In order to limit the global temperature increase to 1.5 degrees, the Intergovernmental Panel on Climate Change (IPCC) expects a share of more than 20 percent bioenergy in 2050. The use of biomass for energy releases CO₂, which can then be used industrially. In technical jargon, this is called BECCU, »Bioenergy Carbon Capture and Utilisation«. However, before the CO₂ is available, it must be separated from the gases of the combustion process.

This is where Fraunhofer research comes in. Felix Lehner, a doctoral student at Fraunhofer UMSICHT, says: »We combine an innovative combustion process of biogas - the so-called oxyfuel combustion - with the BECCU approach. Our goal is to produce CO₂ with a purity of 99.5 percent.« In this process, the high-purity carbon dioxide is not blown out into the atmosphere as a waste product, but is used as a product for industrial processes, e.g. for the production of fuels, fertilisers or for direct application in the beverage industry. Since CO2 from bioenergy applications is climate-neutral by definition, the technology would provide a sustainable, alternative carbon source.  

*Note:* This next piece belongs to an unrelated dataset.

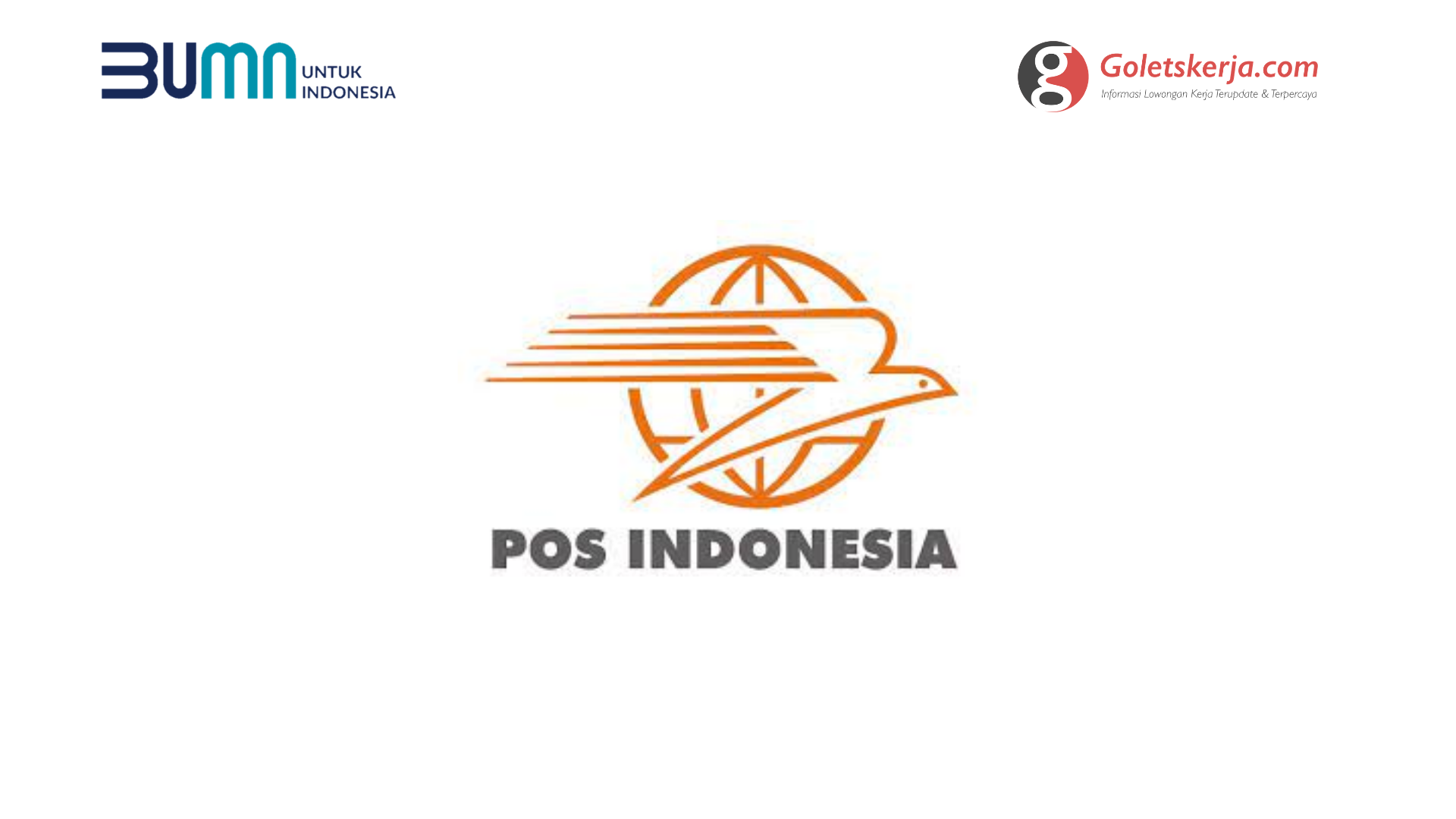 Lowongan Kerja PT POS Indonesia (Persero)
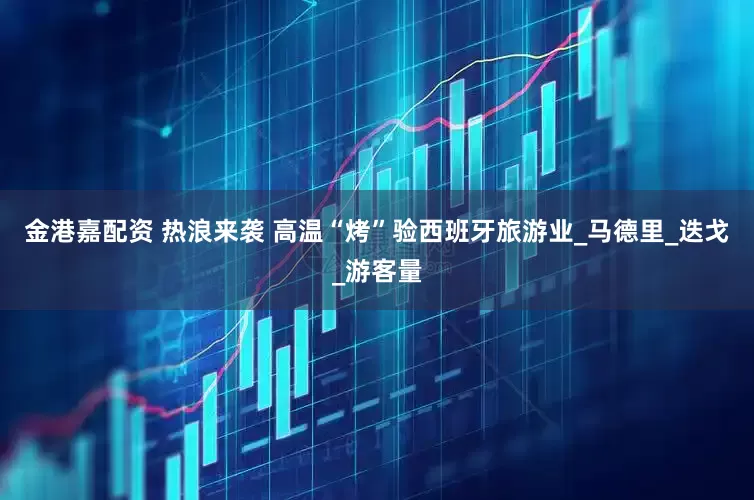 金港嘉配资 热浪来袭 高温“烤”验西班牙旅游业_马德里_迭戈_游客量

Oxyfuel combustion + BECCU = BO₂CCU

In oxyfuel combustion, biogenic gases are burnt with pure oxygen (O₂) instead of air in this project. As a result, only CO₂ and H₂O are contained in the exhaust gas as combustion products. The water vapour (H₂O) condenses, the released heat can be used and what remains is an exhaust gas with a CO₂ concentration of over approx. 95%. The process is flexible as far as the quality of the gaseous fuels is concerned. In addition to biogas, sewage gas, pyrolysis gas or synthesis gas can be used. 

At the Fraunhofer UMSICHT site in Sulzbach-Rosenberg, a burner system with a thermal output of 50 kW is being built on a demonstration scale. The decentralised scale of such a plant can enable small and medium-sized enterprises (SMEs) in the bioenergy sector to implement CO₂-neutral plants. 

Use of oxygen from the hydrogen economy

Oxyfuel combustion processes could continue to gain in importance, as an expansion of the hydrogen economy would also produce considerable amounts of oxygen (O2) in the future. In the electrolysis process, eight times the amount of O2 is produced per unit of hydrogen. According to the Federal Ministry of Economics and Climate Protection (BMWK), electrolysis capacities are to be gradually expanded by 2050. As a result, around 1.8 million tonnes of oxygen would be produced in 2030 and up to 18 million tonnes of oxygen in 2050 as a hitherto unused by-product. The Fraunhofer technology could supplement electrolysis sites and create an economic recycling option for the O₂.

The project has a duration of 3 years and is financed by the Fraunhofer-Gesellschaft as in-house research.